### MATERIAL SUPPLIED
==================================================
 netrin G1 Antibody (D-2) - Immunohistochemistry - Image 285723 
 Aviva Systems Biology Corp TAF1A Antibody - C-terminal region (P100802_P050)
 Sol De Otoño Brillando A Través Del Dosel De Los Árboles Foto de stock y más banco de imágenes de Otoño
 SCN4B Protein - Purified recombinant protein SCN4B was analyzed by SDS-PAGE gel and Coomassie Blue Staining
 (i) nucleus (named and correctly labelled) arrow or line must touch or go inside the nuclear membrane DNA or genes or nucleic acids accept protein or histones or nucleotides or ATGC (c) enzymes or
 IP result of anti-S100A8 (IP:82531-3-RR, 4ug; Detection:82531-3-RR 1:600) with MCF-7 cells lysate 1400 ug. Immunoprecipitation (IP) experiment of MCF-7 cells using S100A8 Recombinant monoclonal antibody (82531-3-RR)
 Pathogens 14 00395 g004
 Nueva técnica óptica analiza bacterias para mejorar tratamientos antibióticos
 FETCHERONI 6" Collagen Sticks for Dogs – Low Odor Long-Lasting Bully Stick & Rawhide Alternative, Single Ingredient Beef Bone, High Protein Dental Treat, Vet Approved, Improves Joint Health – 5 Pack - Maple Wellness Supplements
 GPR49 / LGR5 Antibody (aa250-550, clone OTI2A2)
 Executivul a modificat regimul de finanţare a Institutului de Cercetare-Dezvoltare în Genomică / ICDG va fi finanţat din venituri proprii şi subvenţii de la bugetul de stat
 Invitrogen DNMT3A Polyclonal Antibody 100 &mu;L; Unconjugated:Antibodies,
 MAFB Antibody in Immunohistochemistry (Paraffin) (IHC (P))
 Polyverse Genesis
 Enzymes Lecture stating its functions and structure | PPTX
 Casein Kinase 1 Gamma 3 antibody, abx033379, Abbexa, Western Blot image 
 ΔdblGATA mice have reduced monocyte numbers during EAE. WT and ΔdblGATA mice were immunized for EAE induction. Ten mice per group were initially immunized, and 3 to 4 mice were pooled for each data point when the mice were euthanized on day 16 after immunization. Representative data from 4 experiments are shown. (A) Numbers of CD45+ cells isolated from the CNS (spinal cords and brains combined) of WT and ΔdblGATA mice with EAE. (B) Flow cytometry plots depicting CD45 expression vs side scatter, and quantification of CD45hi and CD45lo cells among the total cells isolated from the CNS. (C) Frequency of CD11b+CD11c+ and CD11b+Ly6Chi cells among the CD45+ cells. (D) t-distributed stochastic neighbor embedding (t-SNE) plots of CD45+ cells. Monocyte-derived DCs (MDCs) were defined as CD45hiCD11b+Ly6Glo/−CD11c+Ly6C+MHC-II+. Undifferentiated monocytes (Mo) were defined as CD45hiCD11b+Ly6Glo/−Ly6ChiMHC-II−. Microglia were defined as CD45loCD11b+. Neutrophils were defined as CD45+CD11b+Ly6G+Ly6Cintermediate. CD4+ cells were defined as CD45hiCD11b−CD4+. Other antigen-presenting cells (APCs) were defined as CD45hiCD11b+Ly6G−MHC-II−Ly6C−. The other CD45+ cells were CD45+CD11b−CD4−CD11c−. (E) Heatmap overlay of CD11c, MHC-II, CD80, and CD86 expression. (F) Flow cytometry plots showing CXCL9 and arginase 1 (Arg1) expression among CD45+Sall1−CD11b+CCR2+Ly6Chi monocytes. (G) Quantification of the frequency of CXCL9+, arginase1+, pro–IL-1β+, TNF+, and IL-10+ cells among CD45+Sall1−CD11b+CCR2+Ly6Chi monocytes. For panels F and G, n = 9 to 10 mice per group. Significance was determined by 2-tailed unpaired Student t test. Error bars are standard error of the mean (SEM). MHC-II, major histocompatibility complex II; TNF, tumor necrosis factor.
==================================================
### AIM OF THE TASK
Would you copy, unchanged, the stretch of the records above that begins at the line containing "Nueva técnica óptica" and ends at the line containing "Casein Kinase 1", and only that?

### TASK SOLUTION
 Nueva técnica óptica analiza bacterias para mejorar tratamientos antibióticos
 FETCHERONI 6" Collagen Sticks for Dogs – Low Odor Long-Lasting Bully Stick & Rawhide Alternative, Single Ingredient Beef Bone, High Protein Dental Treat, Vet Approved, Improves Joint Health – 5 Pack - Maple Wellness Supplements
 GPR49 / LGR5 Antibody (aa250-550, clone OTI2A2)
 Executivul a modificat regimul de finanţare a Institutului de Cercetare-Dezvoltare în Genomică / ICDG va fi finanţat din venituri proprii şi subvenţii de la bugetul de stat
 Invitrogen DNMT3A Polyclonal Antibody 100 &mu;L; Unconjugated:Antibodies,
 MAFB Antibody in Immunohistochemistry (Paraffin) (IHC (P))
 Polyverse Genesis
 Enzymes Lecture stating its functions and structure | PPTX
 Casein Kinase 1 Gamma 3 antibody, abx033379, Abbexa, Western Blot image 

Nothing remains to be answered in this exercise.